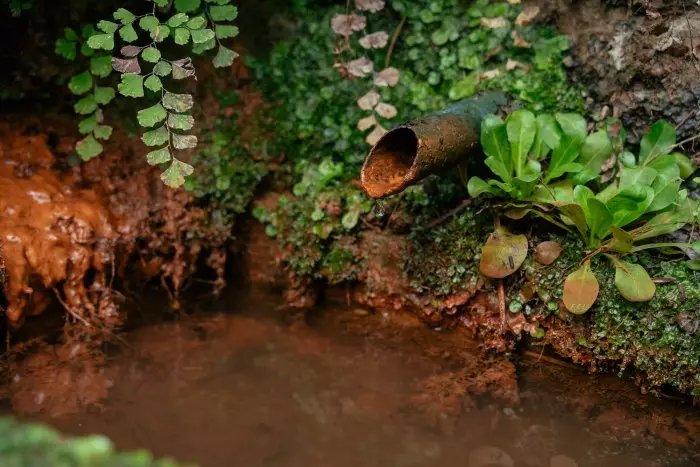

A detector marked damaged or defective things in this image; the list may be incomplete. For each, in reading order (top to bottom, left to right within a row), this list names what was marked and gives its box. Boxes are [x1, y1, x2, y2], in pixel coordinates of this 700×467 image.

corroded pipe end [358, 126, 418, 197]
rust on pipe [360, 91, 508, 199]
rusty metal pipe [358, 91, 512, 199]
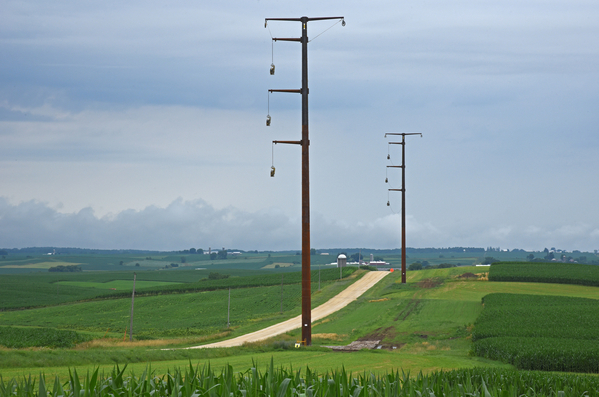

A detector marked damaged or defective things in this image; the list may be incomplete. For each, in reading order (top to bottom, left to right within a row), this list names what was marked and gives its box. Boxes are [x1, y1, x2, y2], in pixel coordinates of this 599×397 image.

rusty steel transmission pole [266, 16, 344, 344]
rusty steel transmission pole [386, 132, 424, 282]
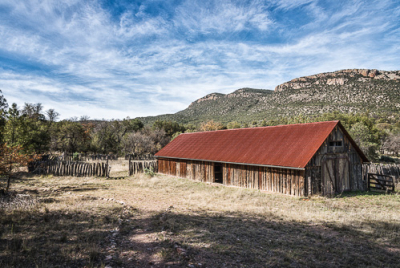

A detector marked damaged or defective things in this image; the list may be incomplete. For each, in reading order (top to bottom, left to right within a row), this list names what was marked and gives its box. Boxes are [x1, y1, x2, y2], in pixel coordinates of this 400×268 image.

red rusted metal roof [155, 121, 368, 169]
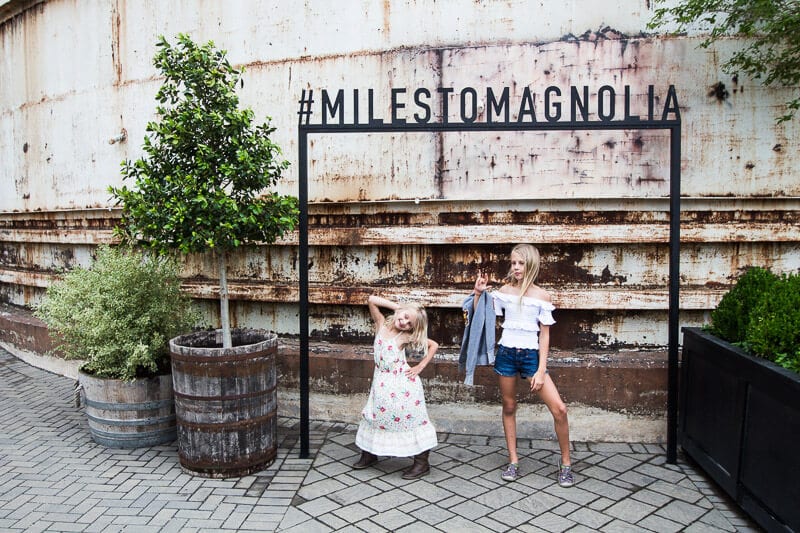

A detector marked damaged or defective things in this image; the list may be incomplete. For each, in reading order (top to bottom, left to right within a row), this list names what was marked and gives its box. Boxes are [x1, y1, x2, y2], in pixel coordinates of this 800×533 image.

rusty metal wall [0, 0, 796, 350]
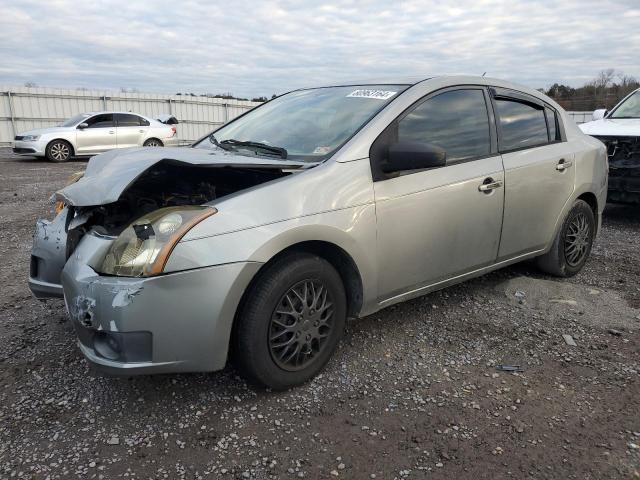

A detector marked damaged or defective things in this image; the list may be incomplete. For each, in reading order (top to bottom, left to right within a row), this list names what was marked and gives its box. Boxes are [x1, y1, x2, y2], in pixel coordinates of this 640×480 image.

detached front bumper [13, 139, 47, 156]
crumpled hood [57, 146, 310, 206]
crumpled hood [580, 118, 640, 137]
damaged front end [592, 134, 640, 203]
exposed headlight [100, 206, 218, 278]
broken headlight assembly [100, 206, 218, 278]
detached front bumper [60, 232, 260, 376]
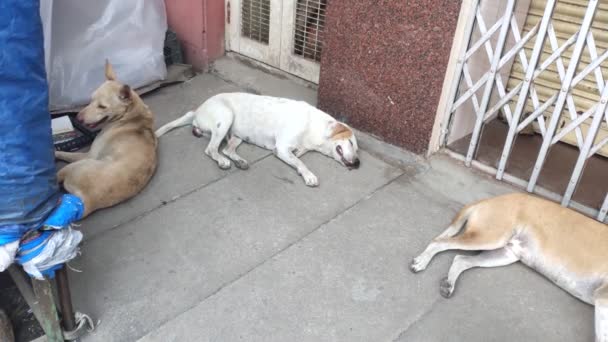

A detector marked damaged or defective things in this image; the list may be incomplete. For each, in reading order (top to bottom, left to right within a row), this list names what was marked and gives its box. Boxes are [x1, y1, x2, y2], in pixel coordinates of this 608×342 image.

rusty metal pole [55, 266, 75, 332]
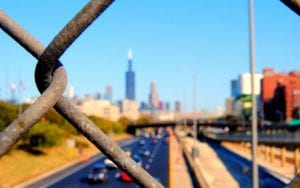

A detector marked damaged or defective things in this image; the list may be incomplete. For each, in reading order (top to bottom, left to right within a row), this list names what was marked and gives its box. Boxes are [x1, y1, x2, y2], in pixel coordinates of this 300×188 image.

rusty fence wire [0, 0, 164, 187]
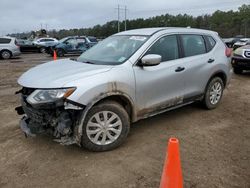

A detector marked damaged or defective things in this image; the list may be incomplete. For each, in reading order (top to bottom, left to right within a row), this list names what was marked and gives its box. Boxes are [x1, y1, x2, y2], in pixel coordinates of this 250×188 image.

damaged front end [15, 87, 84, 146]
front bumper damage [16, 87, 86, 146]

---+---

*Exercise description:* Your task is to restate, word for word, each line from the one that includes "this 250×188 image." to the end of the records, with both ends included and nothing else.

*Exercise response:*
A detector marked damaged or defective things in this image; the list may be incomplete. For each, in reading order (top to bottom, left to right within a row), this list names what was marked and gives its box. Boxes are [x1, y1, x2, y2], in pixel coordinates of this 250×188 image.

damaged front end [15, 87, 84, 146]
front bumper damage [16, 87, 86, 146]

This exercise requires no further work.